Ironically, the moment in my life when I realized I couldn’t have it all, was the exact moment that I felt like I had it all.
You’ve no doubt heard the holy-grail-phrase “work life balance”.
The word balance, usually gives off a calming sort of feeling. By definition, it describes when different elements are equal or in the correct proportion.
Work-life balance sounds like the perfect state of mind. I think of a see-saw, where on one end rests all of my work-related responsibilities and on the other sits all of my home-related responsibilities.
That cute, little imaginary see-saw is, in fact, bull-crap. Once I had children that see-saw was violently tipping in different directions at all times, and it felt anything but balanced.
Although I am sure that there are superstar mothers out there who find ways to balance it all, I am willing to bet that they are in the minority. Most of us can’t run fortune 500 companies while maintaining an active voice in the school PTA.
This fictitious balance feels impossible to obtain.
Let’s Stop Talking About Balance
If we want to be successful working mothers, we have to stop thinking of life as a responsibility balancing act.
The see-saw analogy depicts a scenario where if you focus on one aspect (let’s say work), then the other aspect will suffer (home or family). While in extreme circumstances that is true, it makes me feel a little out of control.
I don’t like to feel out of control.
Instead of trying to achieve a Work-life balance on that annoying see-saw, think of it as a work-life spectum, which you have full control over.
Now, of course your children will ALWAYS be your top priority in life, but when it comes to other responsibilities, where do you want to focus your extra energy?
For example, when I went back to work after having my first son, I was far to the left on the below Work-Life Spectrum (all the way by the sneaker). I went to work to earn money to raise my son. That was it.
As my three children got older, I had more ambition for work and I crept up past the middle point on the spectrum (by the flats). I started to travel for work, and I was more engaged in my work-related projects.
To be a happy and composed mother, you must decide where on the spectrum you lie and adjust your life accordingly.
Why Does This Mindset Make a Difference?
When you decide where you want to lie on the Work-Life Spectrum, then you have power over your priorities.
Obviously, there will always be the risk of some conflict between your work responsibilities and your home responsibilities, but you have to think of these scenarios as trade-offs, not battles.
For example, you may have to leave a meeting early to see your son’s soccer game. OR, you may decide that your meeting is important for your career and you can attend his next soccer game.

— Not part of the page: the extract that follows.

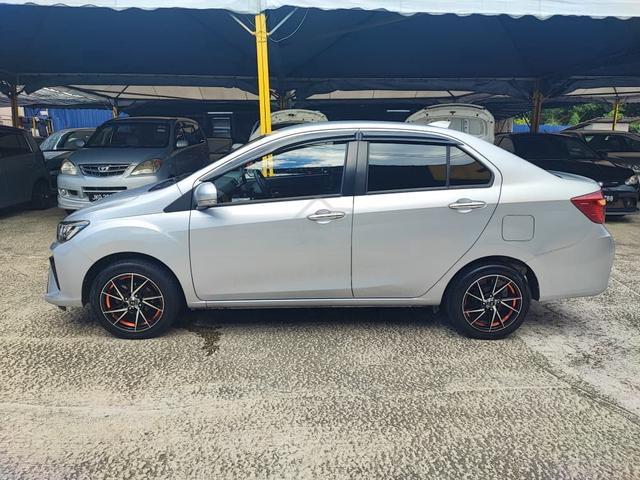 2019 Perodua BEZZA 1.3 X AUTO X DOC HIGH LOOAN - 4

Either scenario is not right or wrong, it is about you making the best choice for you and your family.
As a working mother, you can’t do it all. The thing is, that is okay. Your family, most likely, isn’t suffering while you are at work. If you come home feeling fulfilled and happy, that will benefit everyone.
Give yourself grace.
Tips for Easing the Internal Tension
It may take some time until you start to see the conflicts between work and home as gentle trade-offs instead of brutal battles.
This may sound silly, but it is okay to lower your standards a little. Do not feel like a failure if you are not getting promoted at work or baking cookies for the school bakesale.
The best way to redirect your focus is to simplify your life. Below I have 5 quick tips you can start today to take back more time in your life.
For more details and 5 more ideas, read 10 Simple Ways to Simplify Your Not-so-simple Life.
Throw out that lopsided see-saw analogy, and adopt my Work-Life Spectrum idea. Decide where you lie and always remember:
You might not have it all, but that is okay!